To many, your presence is a sign that something in their lives has gone wrong, and this can be very distressing. As such, being able to put yourself in a service user’s shoes and understand their hopes, fears and concerns is crucial to good practice.
With a full caseload to manage, meetings to attend, paperwork to complete and service users to visit, there will be lots of demands on your time. That’s not to mention the everyday risk of emergencies to attend to which may throw your plans out of the window. Keeping on top of your workload while tackling other tasks is hard, so you need to be prepared if you’re going to manage it.
In situations like this, you need to be able to stay organised, juggle multiple priorities and cope with changing plans. Your work will rarely fit into neat boxes, so being able to adapt in a fast-moving environment is very important.
As a social worker, the decisions you make can have major repercussions for other people’s lives. This is not a responsibility to be taken lightly, and can lead to situations where emotions run high for both you and the service user.
Social work is a very involving profession, but finding the best course of action often involves taking a step back and making a less emotional, more measured decision. While it isn’t always possible to be truly objective, a healthy degree of detachment will allow you to see the bigger picture.
Many service users may be reluctant to share their experiences with you, or talk about their situation. Some may be instinctively mistrustful of social workers. This can make it difficult to build the level of trust needed for them to engage and speak openly with you.
You need to be able to meaningfully interact with service users, and establish trusting, respectful relationships. Building this level of understanding is a slow process that requires patience. It could take months – or even longer – and setbacks may well happen, but you need to be able to stay the course.

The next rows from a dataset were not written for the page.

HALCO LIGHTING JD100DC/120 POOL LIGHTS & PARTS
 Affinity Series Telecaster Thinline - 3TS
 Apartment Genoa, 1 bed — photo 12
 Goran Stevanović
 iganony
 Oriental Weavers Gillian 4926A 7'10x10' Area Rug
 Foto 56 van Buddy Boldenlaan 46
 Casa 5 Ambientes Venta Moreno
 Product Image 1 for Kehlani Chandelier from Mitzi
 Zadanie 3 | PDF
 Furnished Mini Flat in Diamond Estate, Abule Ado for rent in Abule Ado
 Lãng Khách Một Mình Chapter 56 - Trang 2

Social workers interact with people from all walks of life, and great communication skills are essential. Your day could involve writing a report, taking part in a team meeting, calling another agency and a family visit. The ability to adapt and make yourself understood regardless of audience or circumstances is therefore extremely important.
You may also need to explore and develop other communication methods with service users. Some may have sensory impairments or learning disabilities, and may not be able to communicate in traditional ways. Being able to tackle this will help you build relationships in otherwise difficult circumstances.
As a social worker, you need to be able to ask difficult questions, talk about sensitive topics, and deliver needs which might be hard to hear. This requires a good deal of tact and diplomacy.
Although your decisions may be made with the best intentions, it will be hard to keep all parties happy. Delivering your message carefully and sensitively can help make it easier for a service user or their family to understand and accept.